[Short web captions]
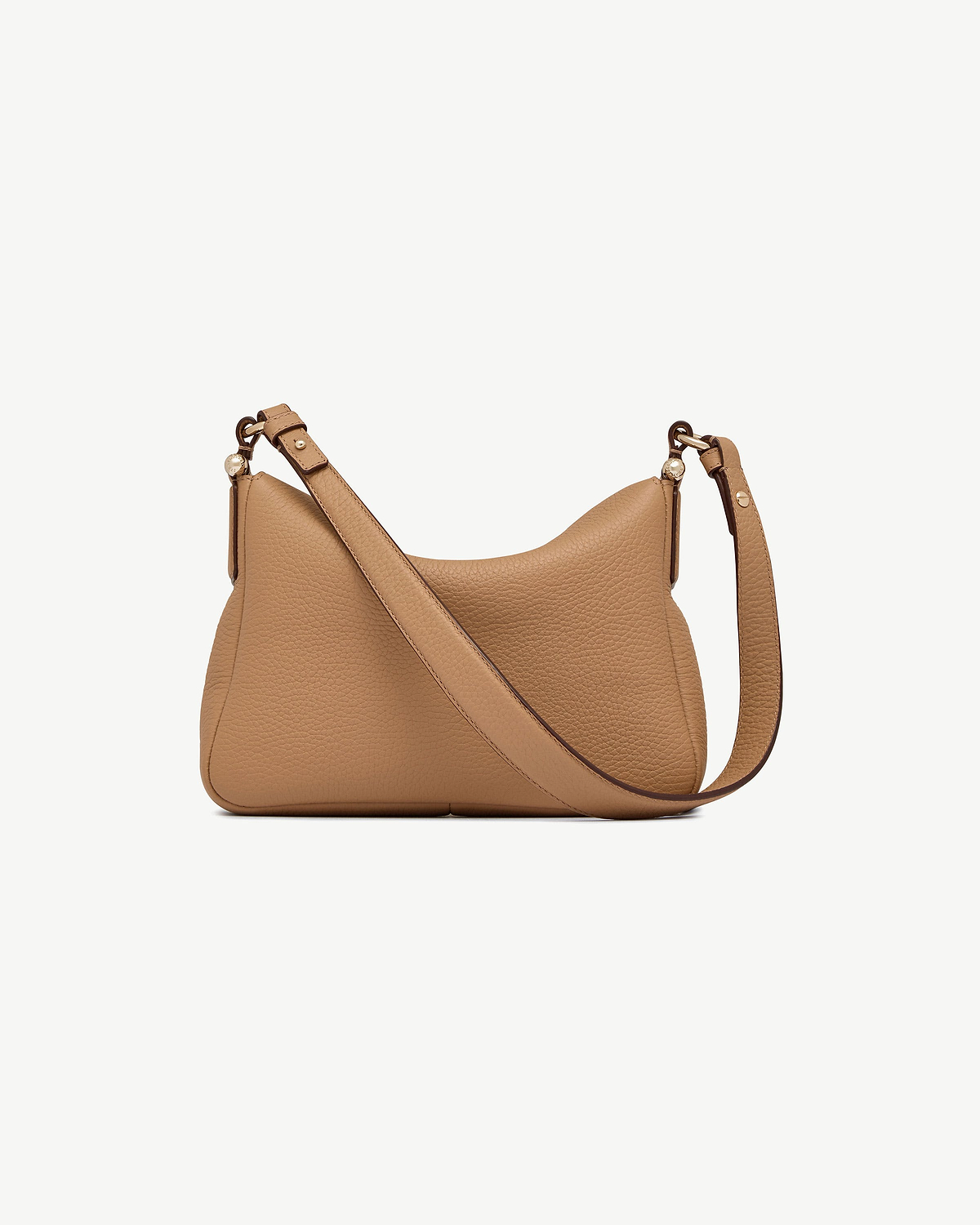 Caramel leather shoulder bag with pebbled texture and adjustable strap, gold hardware.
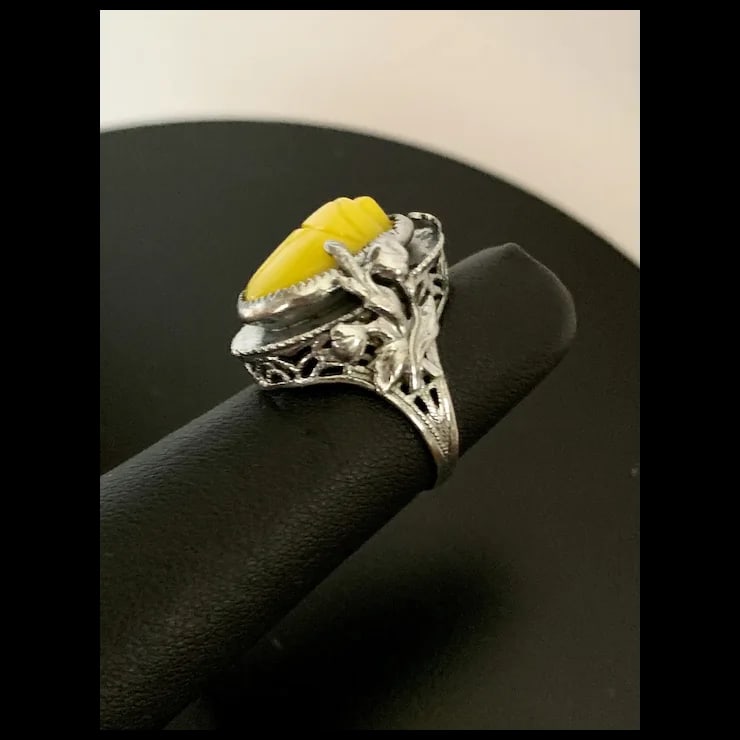 Mid 20th Century Sterling Filigree Scarab Ring, Size 5.25 - 5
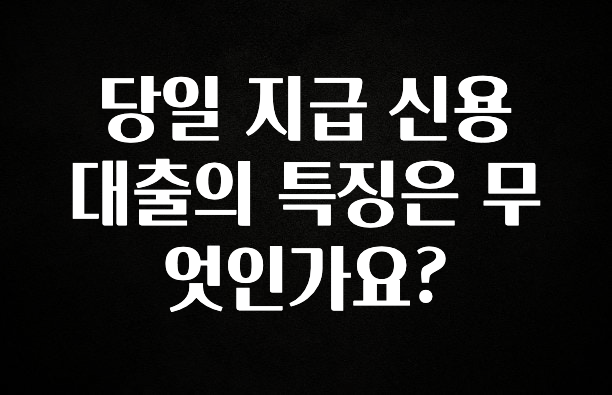 추가소식 당일 지급 신용 대출의 특징은 무엇인가요? 바로 클릭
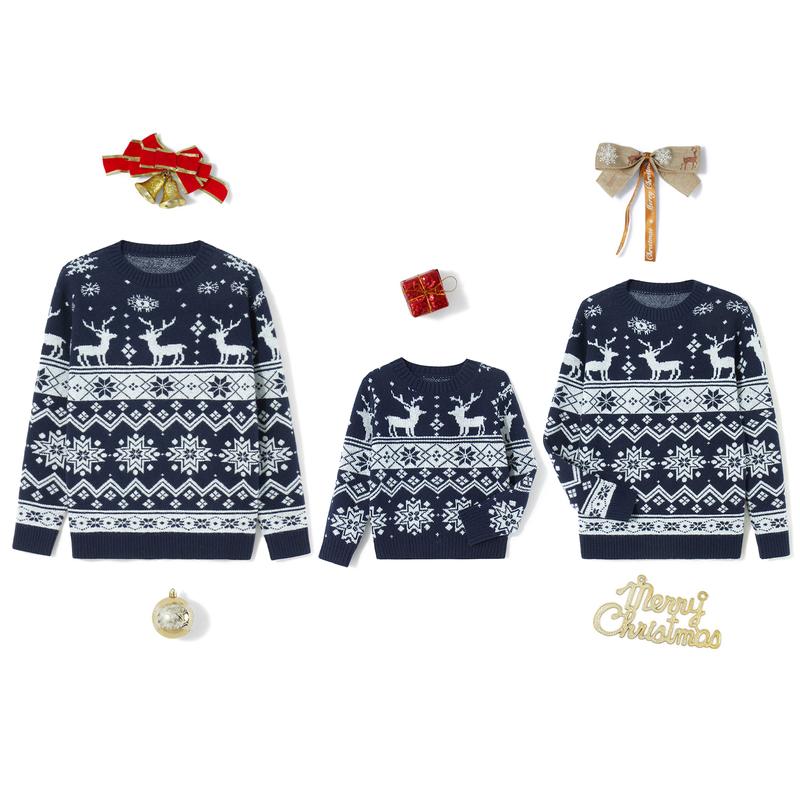 Matching Family Christmas Sweaters Long Sleeve Round Neck Snowflake Pullovers Knit Tops Womenswear Casual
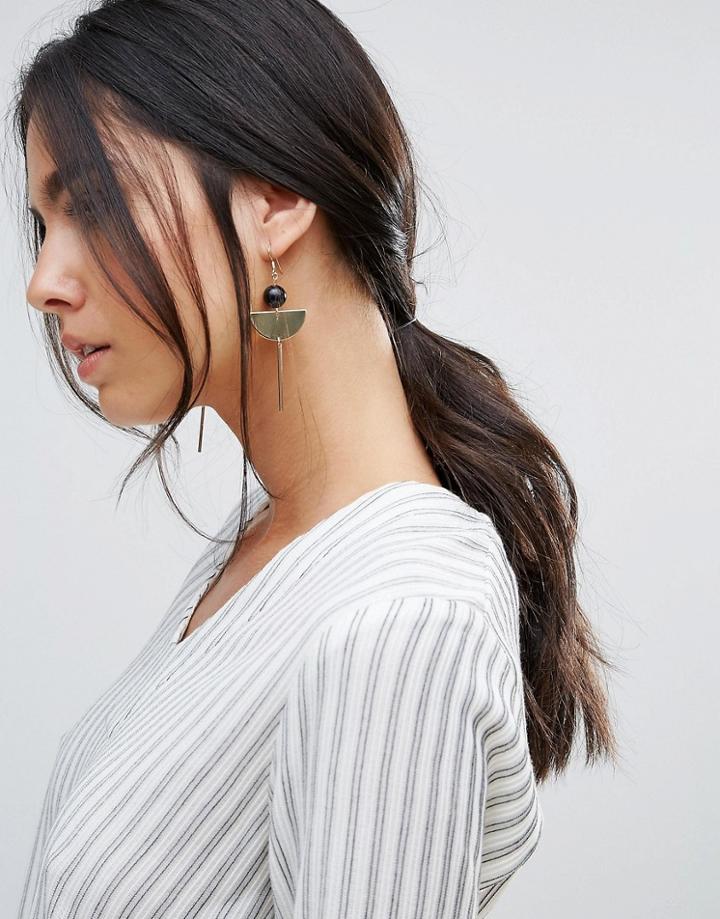 Ashiana Crescent Bar Drop Earrings - Gold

*Task requirements*: Every line from the one containing "Mid 20th Century" through the final line of the records above is to be written out exactly; nothing else, and no pictures.

*Response for this exercise*:
 Mid 20th Century Sterling Filigree Scarab Ring, Size 5.25 - 5
 추가소식 당일 지급 신용 대출의 특징은 무엇인가요? 바로 클릭
 Matching Family Christmas Sweaters Long Sleeve Round Neck Snowflake Pullovers Knit Tops Womenswear Casual
 Ashiana Crescent Bar Drop Earrings - Gold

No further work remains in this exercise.